PWM recently held its annual roundtable on the outsourcing of asset management strategies to external fund houses. Five of the seven private banks participating had established their own internal fund selection units. For some of the players, this was not a new phenomenon. Investment Solutions at UBS and Funds Research at SocGen have been around for several years. But CFM, a new unit at BNP Paribas, was formed only last year.
More than hype
Of course, there has been much mocking of the French bank by rivals, with accusations that the move is just part of a marketing-led hype of the “open architecture” concept.
True, the “best of breed” selection process will help BNP Paribas to win new clients. There is also a hint of truth in the accusation that the French house has embraced open architecture in its private banking subsidiary, fund management arm and life insurance company, but not through its flagship retail branch network. Then again, funds of funds are available through the branches, with some use of external strategies.

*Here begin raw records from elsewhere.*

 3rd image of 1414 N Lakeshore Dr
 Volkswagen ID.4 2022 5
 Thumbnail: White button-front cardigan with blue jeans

What swings the argument in favour of or against groups like BNP Paribas may be their attitude towards their end customers. Real open architecture is not only about selecting managers, it is about de-selecting them when necessary, and taking full responsibility for the choices made.
Under review
This is where Paribas has passed with flying colours. Under the new regime, its high yield manager, T Rowe Price has already been replaced. There has been an accompanying no-nonsense pronouncement by Frank Monier, head of fund selection at BNP Paribas. Speaking at PWM’s Zurich event he said that all sub-advisers are now under review. He was not just talking about performance.
He was talking about the style in which funds are managed. The key is to make sure that sub-advisers or managers of external products are actually delivering the strategy promised to the client in the prospectus. Short-cuts can lead to disaster. How managers are chosen and monitored and what drives their choice have been the key questions answered by PWM’s pan-European panel of institutions in our latest research document, published with this issue.
The research has concluded that it is not the search for alpha which drives the outsourcing of assets. It is the desire to deliver a broader range of products to clients.